From the March 1921 issue of The Christian Science Journal


NOW that the people of the United States have as a nation consented to abolish the manufacture and sale of intoxicating liquors, the question of enforcing such a drastic law remains to be convincingly answered. That it is being satisfactorily answered daily is evident to those conversant even in a measure with the facts, but the voices of those who cry, "It can never be done!" are still loud in the land. The chief argument advanced is that there are not enough active agents to police the entire country for this special purpose. There are just two types of persons who voice such an argument —those who desire that the law shall not be enforced and those who have so little understanding of the power of good, of God, that they fear it cannot be. Lawlessness and fear—what have they ever done except to boast for a time and then scamper away when hard pressed?

The fact is that when a great nation of its own volition takes such action, there is less need than the opponents of the act may surmise for great numbers of special agents to enforce the law. Over and over again history records proof that numbers are not accurate indications of force. The great urge toward better conditions which prompted the making of the law will also accomplish its enforcement; every loyal citizen will become a special agent, in a sense, and the devils of mortal desire, selfishness, and brutality which cry out at the appearance of reform, "Art thou come hither to torment us before the time?" will be compelled to admit and make evident the powerlessness of evil before the impulsion of good.

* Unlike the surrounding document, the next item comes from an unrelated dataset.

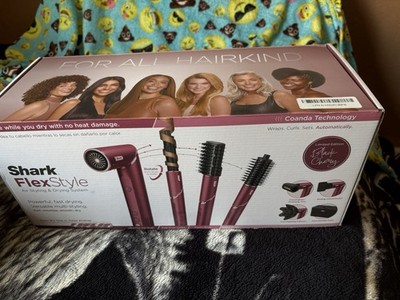 Shark FlexStyle Air Styling & Drying System Black Cherry - Open box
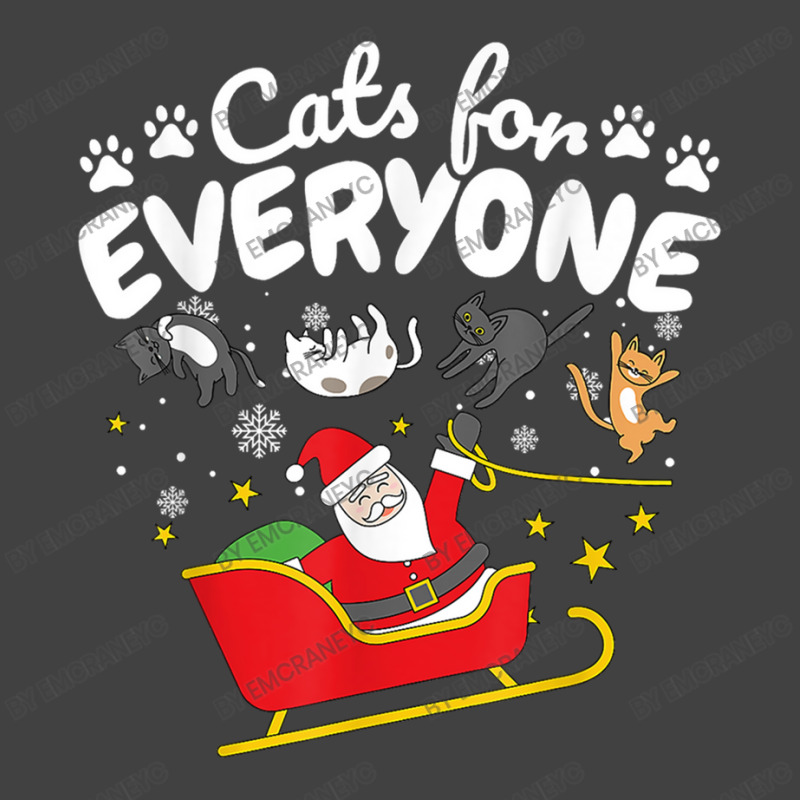 Funny Cat Christmas Cats For Everyone Vintage T-shirt | Artistshot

"When the human mind is advancing above itself towards the Divine," says Mrs. Eddy on page 10 of her Message to The Mother Church for 1902,"it is subjugating the body, subduing matter, taking steps outward and upwards. This upward tendency of humanity will finally gain the scope of Jacob's vision, and rise from sense to Soul, from earth to heaven. Religions in general admit that man becomes finally spiritual. If such is man's ultimate, his predicate tending thereto is correct, and inevitably spiritual." Now Spirit is God, and the derivative adjective therefore means "of or from God." If, therefore, such action as is lifting humanity out of its mistakes and miseries is spiritual, or of God, what is there to hinder its enforcement? As Job puts it, "Who knoweth not in all these that the hand of the Lord hath wrought this?"